(Web page caption snippets)
══════════════════════════════
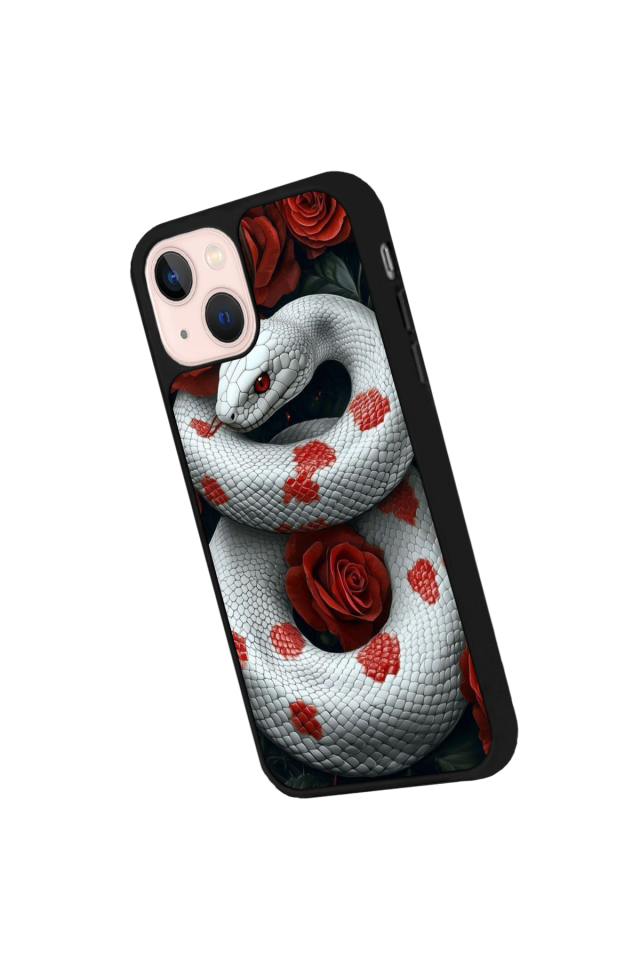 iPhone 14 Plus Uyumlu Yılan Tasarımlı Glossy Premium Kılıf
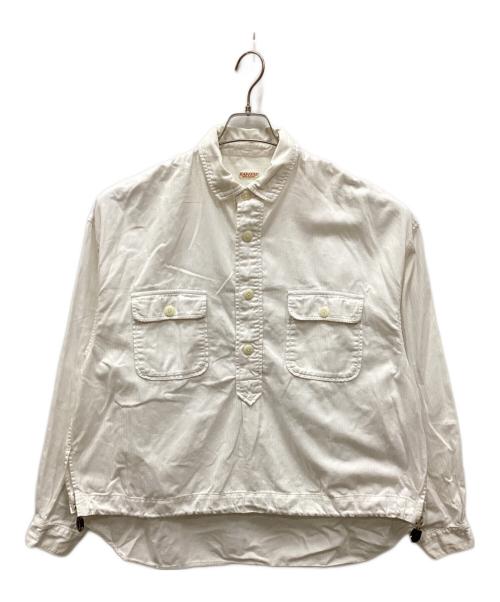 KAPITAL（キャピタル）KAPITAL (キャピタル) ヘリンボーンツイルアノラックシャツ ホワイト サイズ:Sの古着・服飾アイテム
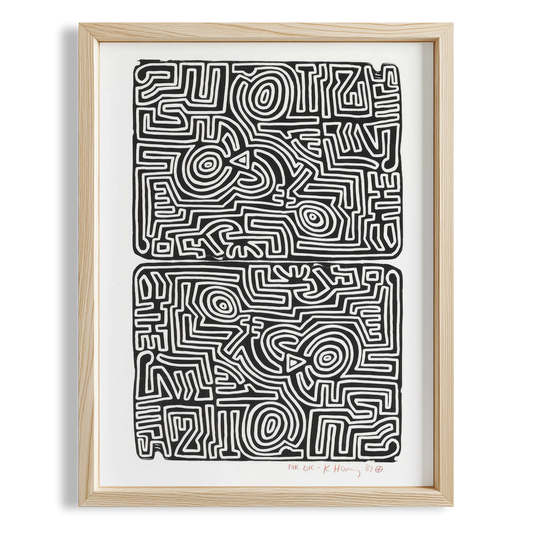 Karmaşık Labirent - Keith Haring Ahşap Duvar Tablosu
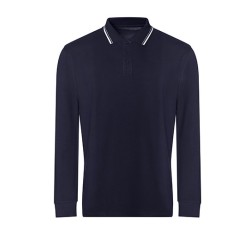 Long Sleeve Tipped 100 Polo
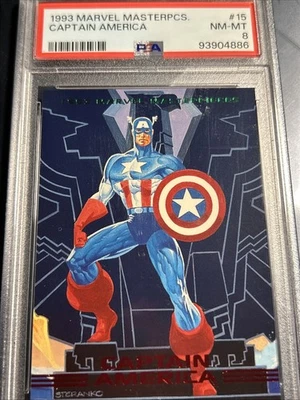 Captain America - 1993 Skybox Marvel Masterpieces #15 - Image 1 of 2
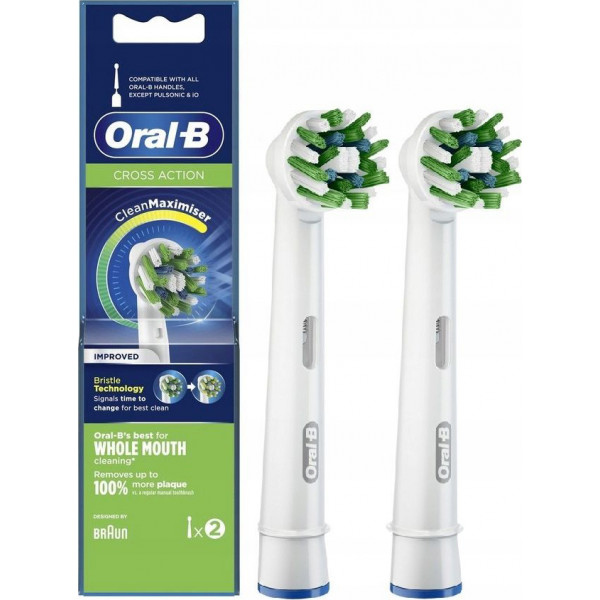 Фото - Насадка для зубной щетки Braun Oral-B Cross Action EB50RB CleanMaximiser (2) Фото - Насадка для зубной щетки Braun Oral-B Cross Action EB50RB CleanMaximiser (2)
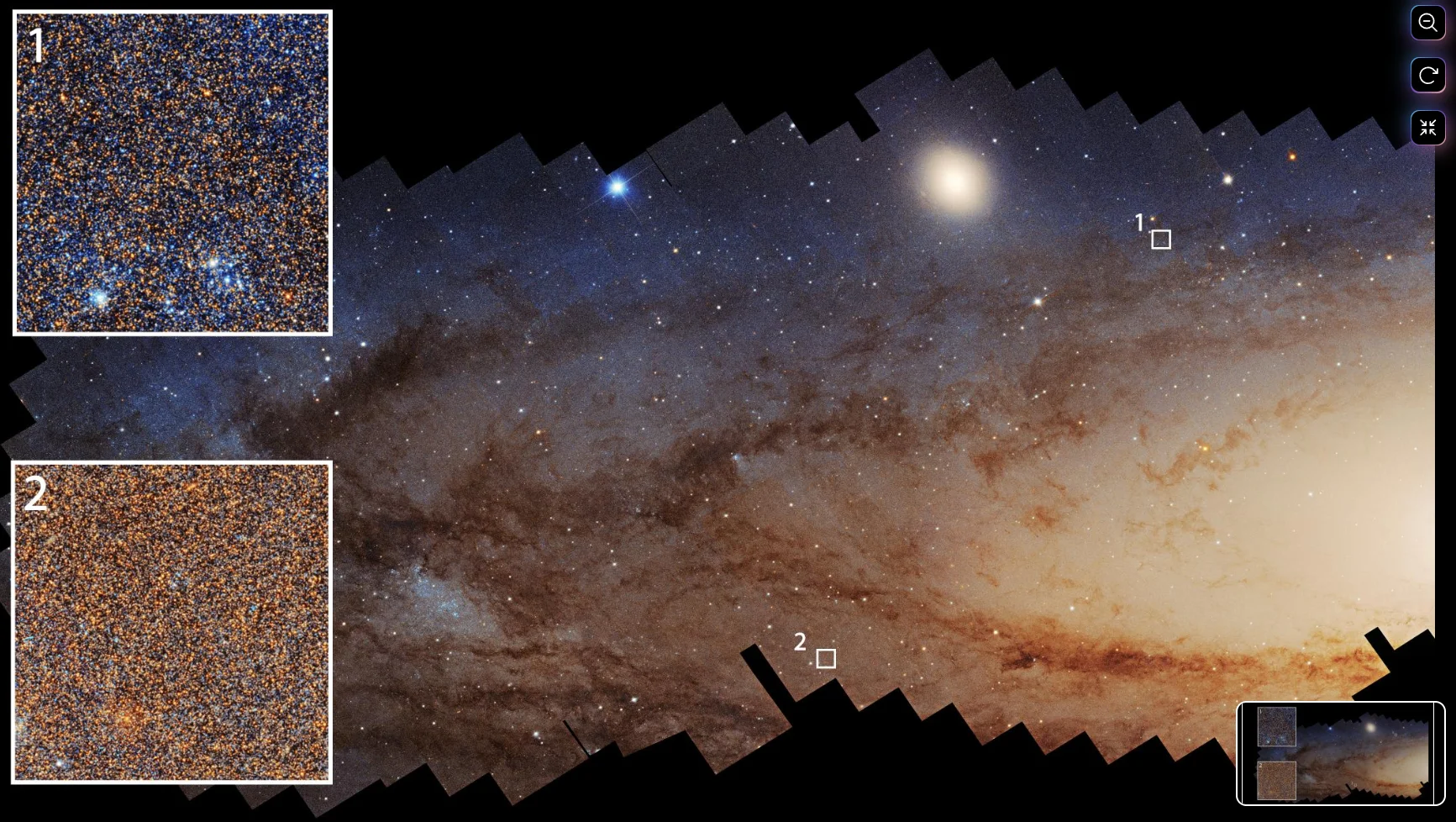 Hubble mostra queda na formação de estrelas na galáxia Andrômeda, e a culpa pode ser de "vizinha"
══════════════════════════════
- [To do]: Exclude every picture and copy the remaining data exactly.

- [Answer for this exercise]:
 iPhone 14 Plus Uyumlu Yılan Tasarımlı Glossy Premium Kılıf
 KAPITAL（キャピタル）KAPITAL (キャピタル) ヘリンボーンツイルアノラックシャツ ホワイト サイズ:Sの古着・服飾アイテム
 Karmaşık Labirent - Keith Haring Ahşap Duvar Tablosu
 Long Sleeve Tipped 100 Polo
 Captain America - 1993 Skybox Marvel Masterpieces #15 - Image 1 of 2
 Фото - Насадка для зубной щетки Braun Oral-B Cross Action EB50RB CleanMaximiser (2) Фото - Насадка для зубной щетки Braun Oral-B Cross Action EB50RB CleanMaximiser (2)
 Hubble mostra queda na formação de estrelas na galáxia Andrômeda, e a culpa pode ser de "vizinha"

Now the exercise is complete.